Attitude, as defined by the Oxford dictionary, is a settled way of thinking or feeling about someone or something, typically one that is reflected in a person's behavior. In other words, attitude is how you interact with the world and those around you. We talk a lot about attitude in our business. People have written books about it, given talks about how to manage it, and developed methods to improve it. Without question, your attitude is important.
I think there may be something equally important or possibly even more important as it pertains to how you perform as an F&I manager, and that is your mindset.
Mindset is different. Mindset is how you see the world and those around you. This F&I manager had a finance-customer mindset with a cash customer.
What I shared with him is that with a cash customer he needed to change his mindset to match the customer and the type of deal in front of him. I asked the F&I manager if he believed cash customers are different than finance customers. He said, “Yes, finance customers enroll in products. Cash customers don’t.” I laughed and explained that many times with a finance customer we talk with a different mindset about the products we offer. Our focus is on payment movement, affordability, budget and the customer’s ability to pay for an unexpected repair.
Cash customers are different. If he takes the same mindset with a cash customer, he will most likely miss the mark every time. The cash customer isn’t making payments. And if this customer can afford to write a check for the vehicle, he or she can afford to write a check for the repair, right? He agreed. That being the case, I suggested he think about what cash customers have in common. After some thought and more discussion, he narrowed it to two common characteristics his cash customers share. Those customers are usually successful people, and they are always in a hurry at delivery. I asked him that if that is true, which benefits of the products could he relate to as a successful person pushed for time.
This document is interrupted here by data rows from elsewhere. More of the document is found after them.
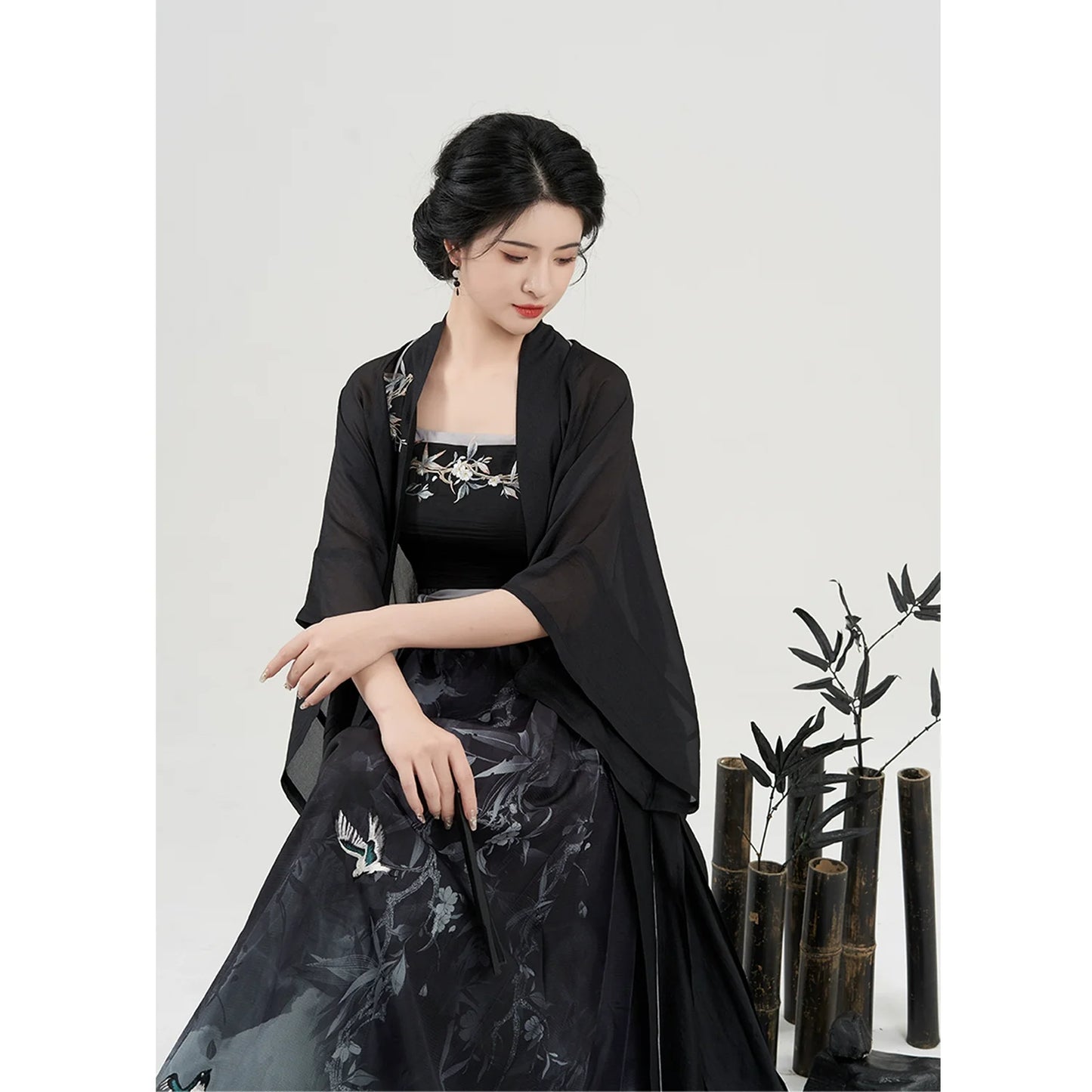 New Chinese Style Women Lightweight Cardigan & Modern Hanfu Dress - Swallow Returns 墨燕春归 (Preorder)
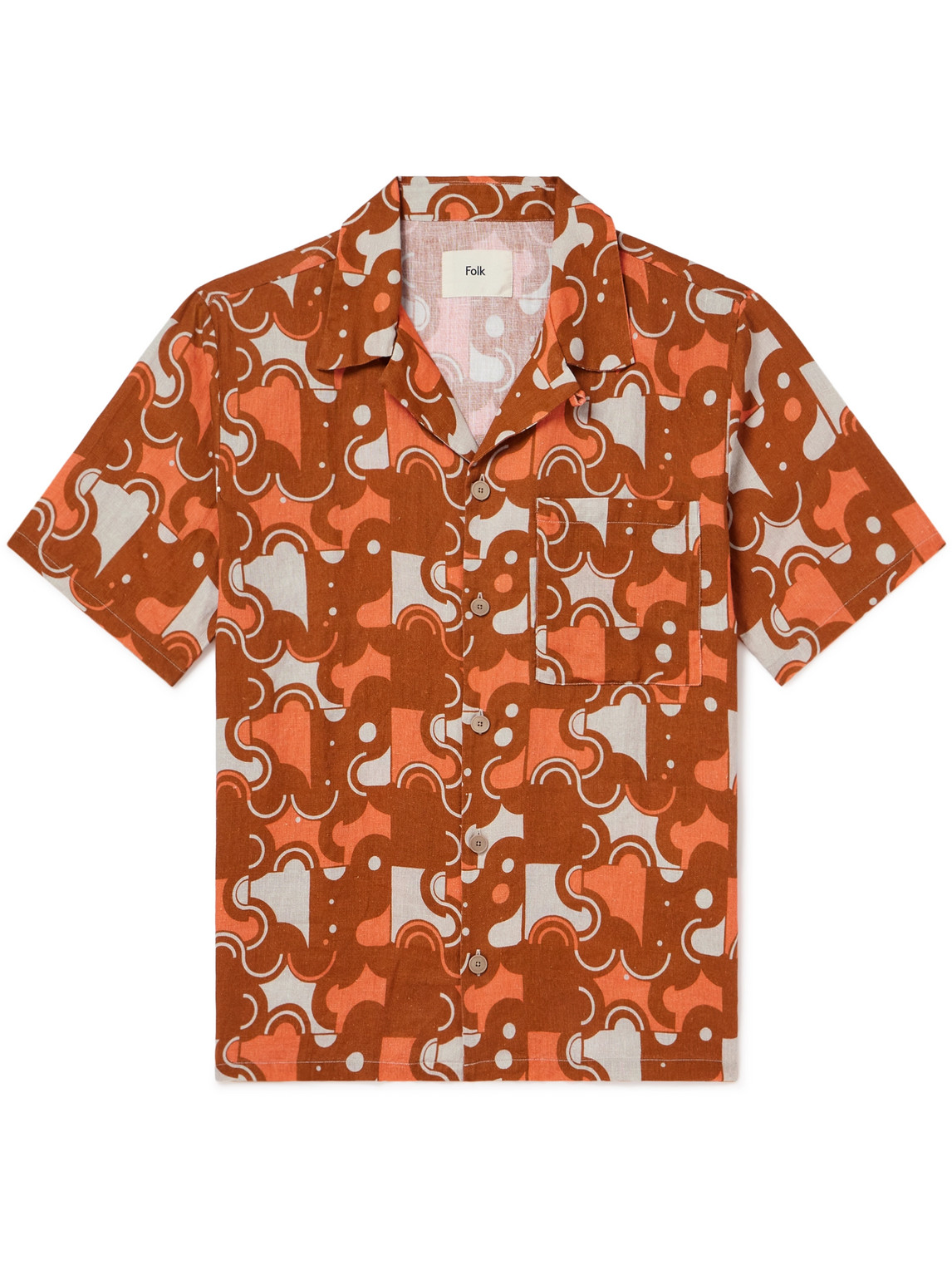 Folk Camp-collar Printed Ramie Shirt In Red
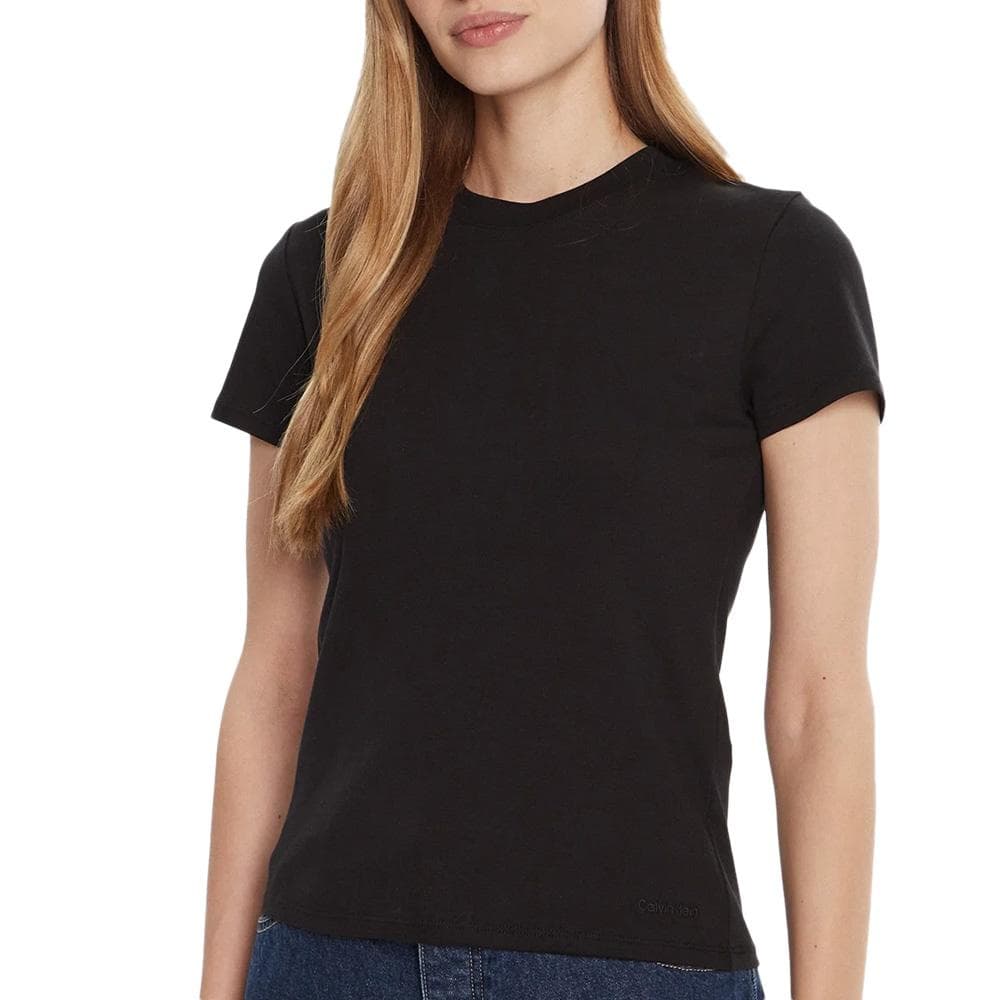 T-Shirt Noir Femme Calvin Klein Jeans Supima 1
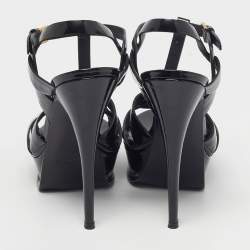 Pre Owned Saint Laurent Tribute Size 39 Black Leather Platform Sandals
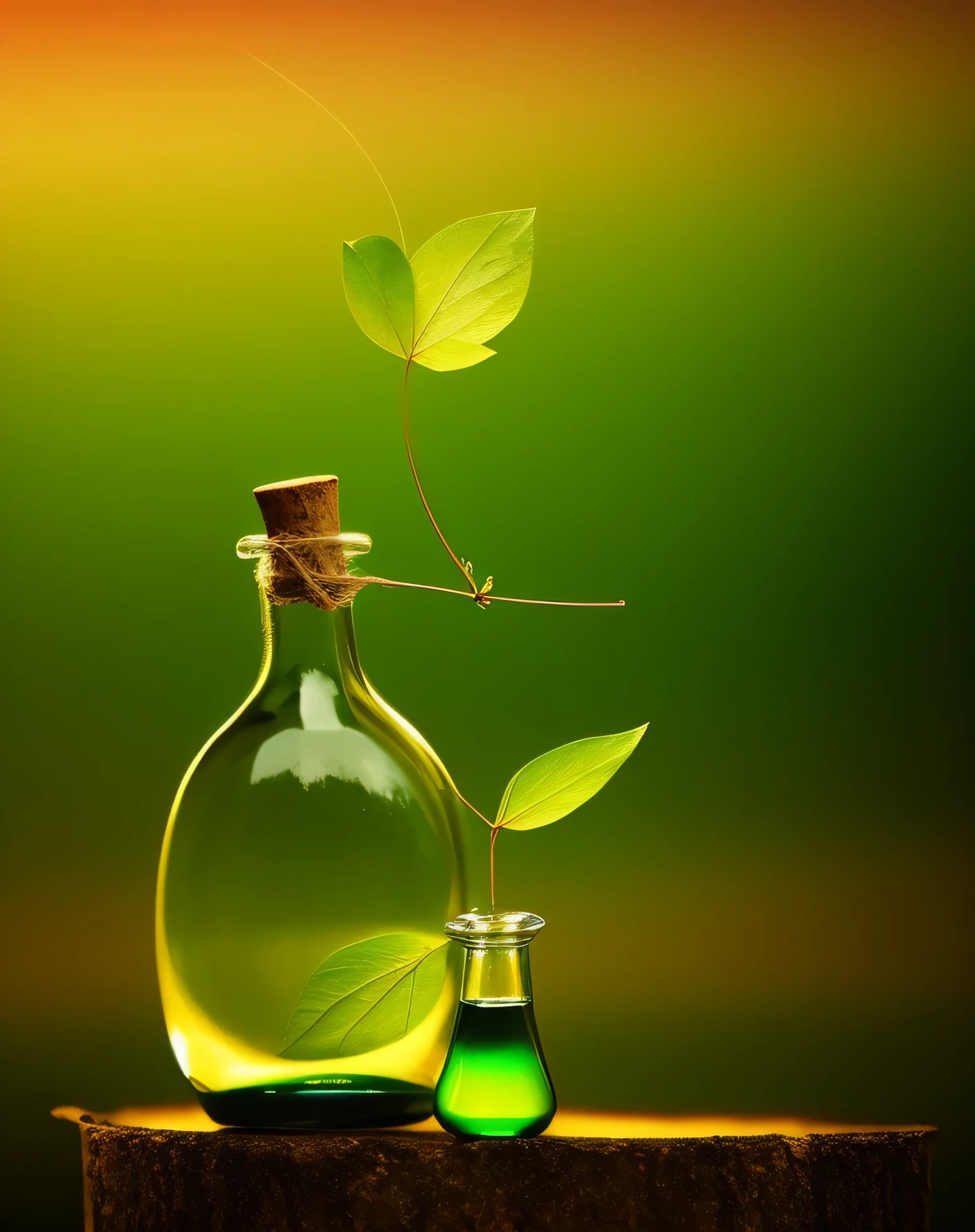 bottle of liquid，There is a drop of liquid on it，There is a leaf next to it, photosynthesis, photosynthesis, author：Francois Girardon, author：joseph mary vane, illustration”, Discover photos, Key Art, Atmosphere", Atmosphere", Still photos, illustration », author：Peter de Seif, photo, illustration, by Marion Ankrum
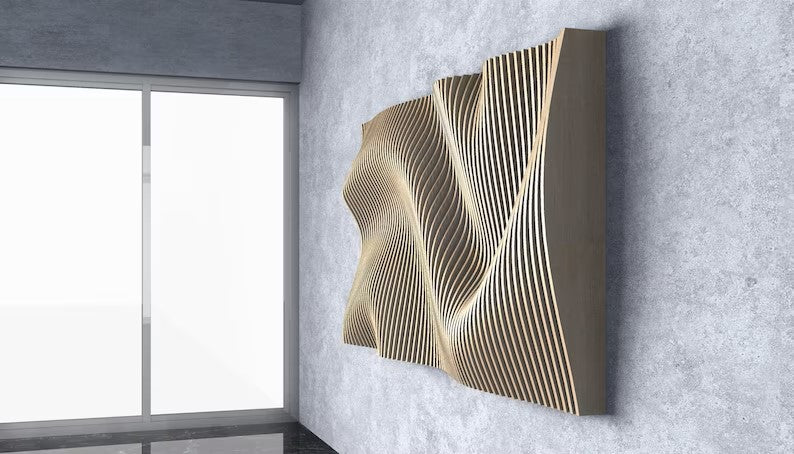 Parametric Wavy Wooden Wall Decor 30 @ CNC Basix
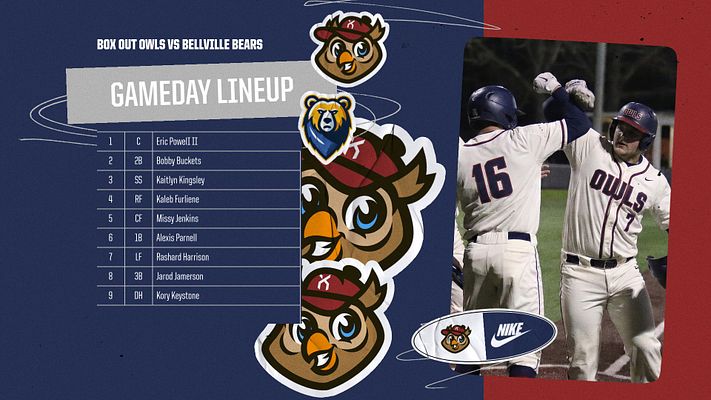 Game day lineup template with split design: left side shows numbered player roster on navy background with gold banner, center features team mascot logo, right side displays player photo placeholders. Includes team branding elements and customizable text areas for multiple social media formats.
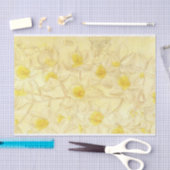 Papier Mousseline Dessin de fleurs anciennes avec découpage jaune (Artisanat)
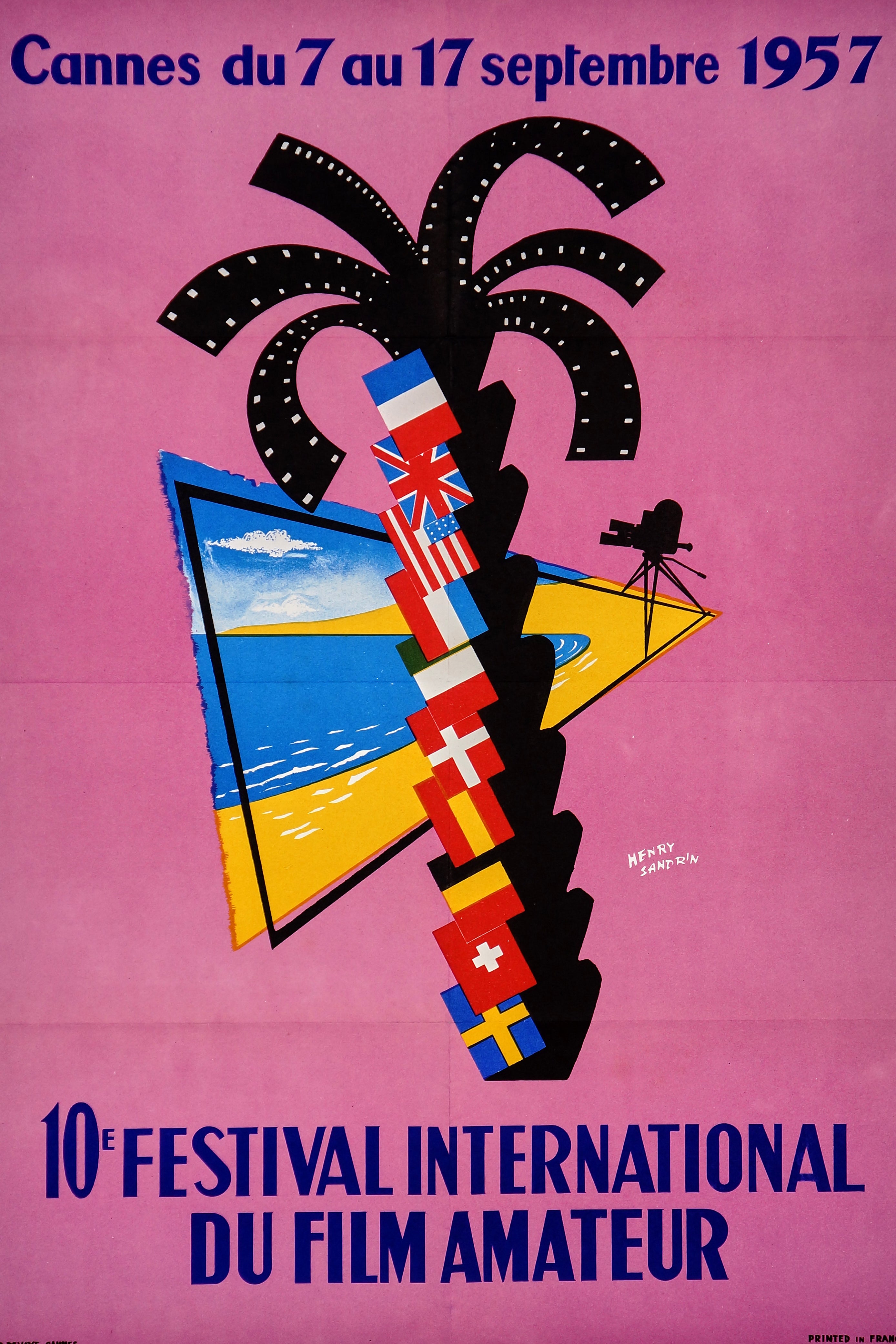 Authentic Vintage Poster  Festival International du Film Amateur- 10th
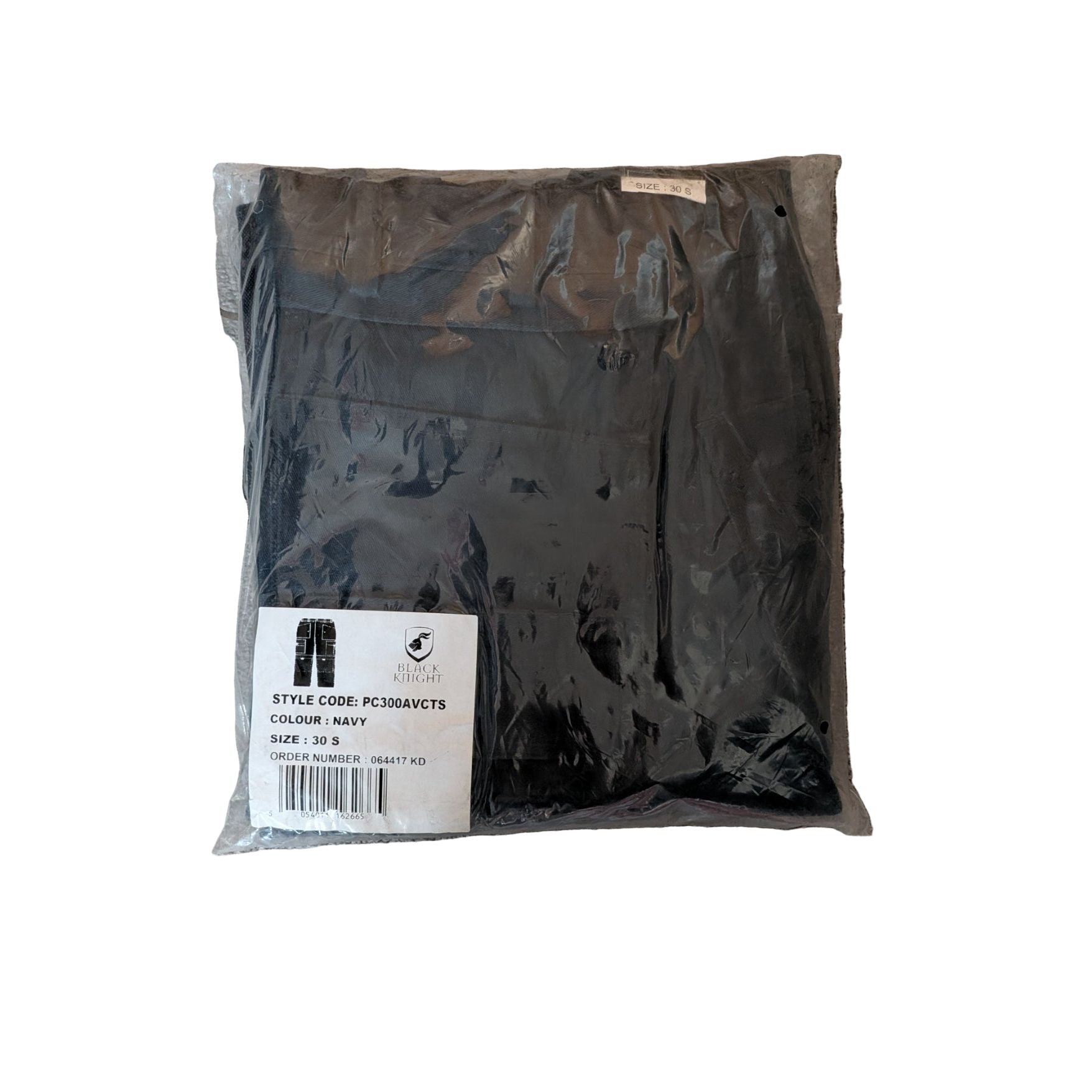 Packaged black jacket with a label on a gray surface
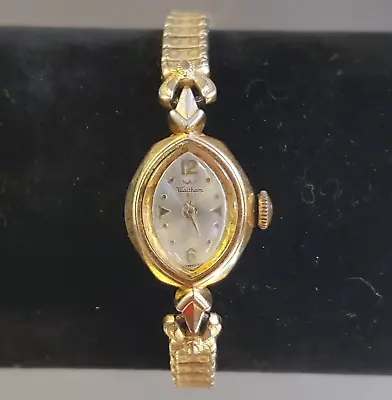 Vintage Waltham Watch Co. Gold Tone Women's Watch Swiss Mechanical Stretch Band • $29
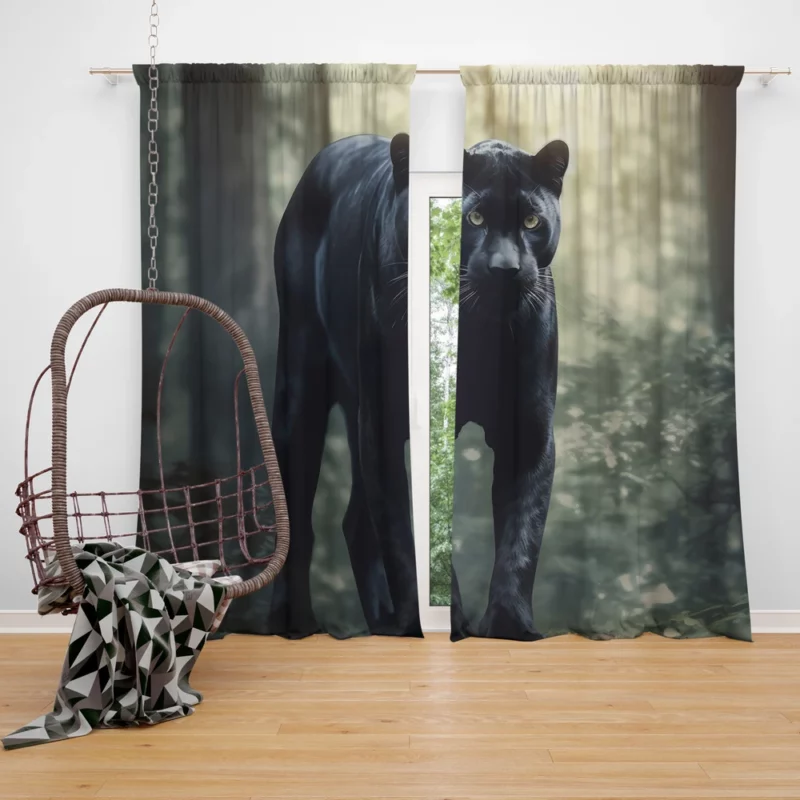 Black Panther in the Wild Window Curtain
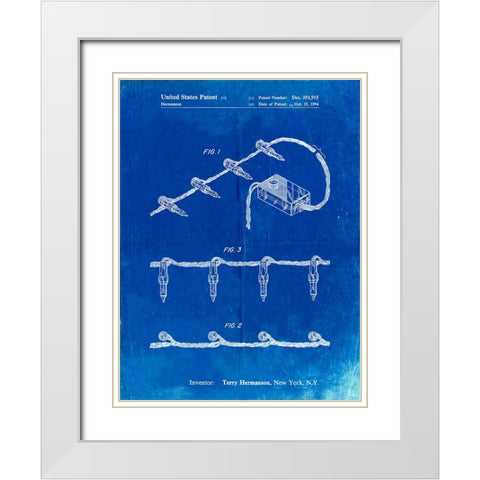 PP763-Faded Blueprint Christmas Lights Poster White Modern Wood Framed Art Print with Double Matting by Borders, Cole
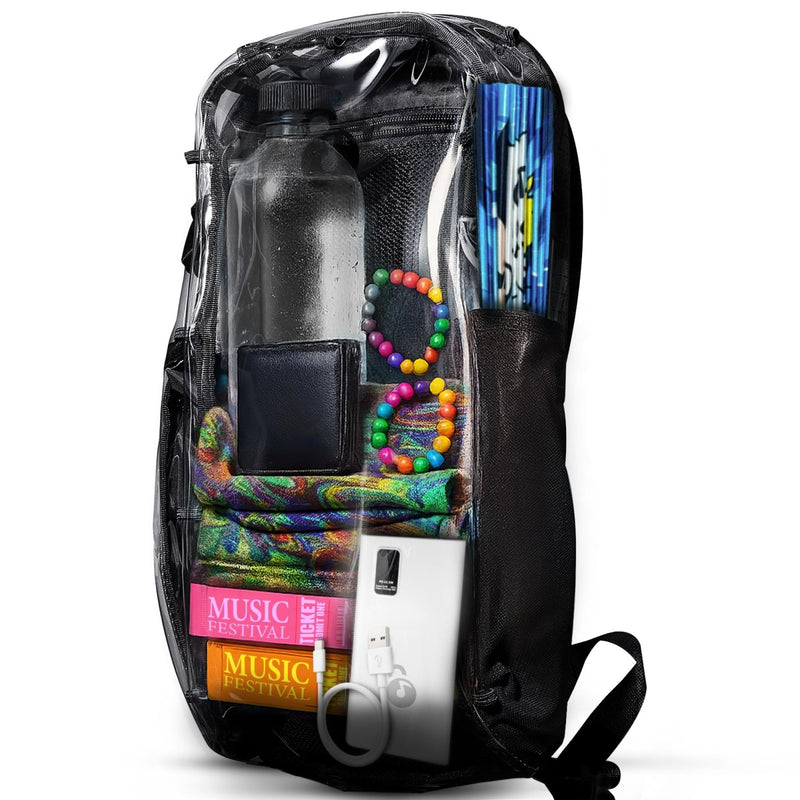Lunchbox Clear Lite Pack – Anti Theft Clear Bag for Stadium Events with Locking Zippers Protects Items at Festivals, Concerts, and Traveling. Backpack is Compliant with Most Venue Bag Policies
He shared that maybe he should talk about convenience and saving time, obvious answers but a good place to start. We worked thorough it further, and he came up with some good ideas. He came to see that he should have the mindset that his cash customers would want to know why other cash customers like them, who in the past haven’t enrolled in any products, are starting to do so more frequently. He thought that he would start sharing that customers like them, due to inflation and the rapid increase in repair costs, are starting to move that risk to a third-party versus assume the risk like they have in the past. But most of all, he would share that a lot of his customers like the convenience and exclusivity that come with owning the coverage and not having to arbitrate their own repairs. (What can I say, he was a fast learner). If you want to change your attitude on cash deals like he did, start with your mindset.